Localisation d'une Gentoo 2004 en canadien-français

Maintenant disponible d'ici

----------

## sebbb

Très très bien tous ça, merci beaucoup :)

C'est vrai qu'un stick serrai pas mal du tout...

----------

## mickey08

premiere question bete de l'année :

c'est quoi un stick ?

----------

## sebbb

Ce sont les messages qui restent en haut dans la liste des messages.

Post-it: [IMPORTANT POUR TOUS] Lisibilité du forum

...par exemple.

----------

## zdra

C'est noramal que ché moi j'ai jsute demandé à GDM de mettre en francais et que depuis tout est en francais sans avoir touché un seul fichier de configuration ?? Sauf pour OpenOffice (pour lequel il y a déjà eu un poste) et Mozilla (que je viens de surprendre en anglais... je l'utilisais jamais).

----------

## mickey08

 *sebbb wrote:*   

> Ce sont les messages qui restent en haut dans la liste des messages.
> 
> Post-it: [IMPORTANT POUR TOUS] Lisibilité du forum
> 
> ...par exemple.

 

merci pour la précision  :Smile: 

----------

## BlakDrago

Il est evident que d'avoir sa gentoo en francais c'est vachement sympa, mais on a vu des comportements étranges des commandes selon la langue du systéme (commande faisant/ne faisant pas ce que l'on voulait d'elle dans des scripts). De plus il y a des bugs gcc dû au changement de langue.

Il faut donc faire attention à ce que l'on fait.

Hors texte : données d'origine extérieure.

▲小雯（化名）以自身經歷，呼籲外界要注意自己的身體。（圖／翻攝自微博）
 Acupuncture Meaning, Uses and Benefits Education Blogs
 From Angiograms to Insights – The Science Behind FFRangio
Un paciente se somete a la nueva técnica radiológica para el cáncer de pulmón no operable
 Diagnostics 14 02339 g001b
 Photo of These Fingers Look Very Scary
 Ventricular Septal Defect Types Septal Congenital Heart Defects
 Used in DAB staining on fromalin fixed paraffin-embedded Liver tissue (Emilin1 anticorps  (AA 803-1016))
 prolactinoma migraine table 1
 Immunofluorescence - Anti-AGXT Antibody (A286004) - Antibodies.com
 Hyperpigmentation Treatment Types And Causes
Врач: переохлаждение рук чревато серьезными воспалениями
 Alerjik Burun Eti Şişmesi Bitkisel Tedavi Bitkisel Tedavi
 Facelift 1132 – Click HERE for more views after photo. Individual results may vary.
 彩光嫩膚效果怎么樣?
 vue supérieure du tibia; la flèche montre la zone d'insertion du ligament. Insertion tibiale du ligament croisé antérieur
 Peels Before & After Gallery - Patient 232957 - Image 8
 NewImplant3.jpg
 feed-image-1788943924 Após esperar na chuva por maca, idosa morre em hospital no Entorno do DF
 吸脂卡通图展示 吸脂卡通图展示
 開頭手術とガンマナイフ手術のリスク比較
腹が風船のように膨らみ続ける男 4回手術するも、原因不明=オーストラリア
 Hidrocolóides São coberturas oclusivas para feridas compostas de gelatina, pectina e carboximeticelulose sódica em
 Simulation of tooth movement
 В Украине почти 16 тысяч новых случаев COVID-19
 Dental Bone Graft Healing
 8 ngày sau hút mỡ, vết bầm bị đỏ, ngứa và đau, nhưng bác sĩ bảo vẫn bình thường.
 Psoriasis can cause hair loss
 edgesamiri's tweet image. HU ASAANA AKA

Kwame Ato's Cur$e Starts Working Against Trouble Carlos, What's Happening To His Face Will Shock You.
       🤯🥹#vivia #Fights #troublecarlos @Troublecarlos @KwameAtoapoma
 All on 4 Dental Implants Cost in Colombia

Cela dit, tout dépend de ce que l'on veut faire avec sa machine

----------

## tecknojunky

 *zdra wrote:*   

> C'est noramal que ché moi j'ai jsute demandé à GDM de mettre en francais et que depuis tout est en francais sans avoir touché un seul fichier de configuration ?? Sauf pour OpenOffice (pour lequel il y a déjà eu un poste) et Mozilla (que je viens de surprendre en anglais... je l'utilisais jamais).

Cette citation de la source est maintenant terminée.